Edit Event Definition
Every Sigma rule is automatically associated with an event definition when created; however, you can edit event definitions by:
Click the ellipsis (⋯) next to the rule.
Select Edit Event Definition from the menu options. This action opens the associated event definition used for alerting when the rule is triggered.
Modify remediation notes attached to the event definition, add custom fields, and edit notification settings.
Warning
Do notchange the condition type of an event definition. This action breaks the connection between the Sigma rule and the event definition, and the rule no longer operates correctly. Changing the event type to either Filter & Aggregation or Correlationcreates a completely different event definition.
Delete Rule
This action permanently deletes the rule from Graylog. Before deletion, Graylog prompts for confirmation.
Warning
Deleting a rule also removes its detection logic and disables any linked alerts.
Bulk Actions
Use the check boxes on the left to select multiple rules, then apply bulk actions. The following functionality is available for bulk actions: enable, disable, add notification, download, and delete.
Note
Note that the bulk Add Notificationfeature is strictly additive. New notifications are added to existing rules, and existing notifications for the rules remain.
Manage Repositories
From the list of imported repositories located in the Sigma Repos tab, you can perform the following actions. These actions can be performed on a single repository by clicking the ellipsis to the right of a selected repository, then selecting the required action from the options listed below.

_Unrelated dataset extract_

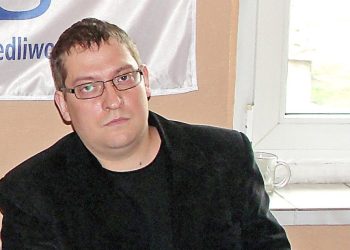 Bernardczyk: Odejście Macierewicza wpłynie negatywnie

Edit: Update the branch or directories from which to source rules.
Import All: Imports all valid rules from a repository into Graylog.
Refresh: Refreshes the list of available rules, if for instance, rules have been added or changed in the Git repository.
Delete: Deletes the repository metadata from Graylog. The rules will no longer be available to import, but any rules that were added remain. Delete can also be done in bulk. Select multiple repository check boxes, click the Bulk Actions button, then select Delete.
All added repositories are shown in the Sigma Rules GIT Repos page.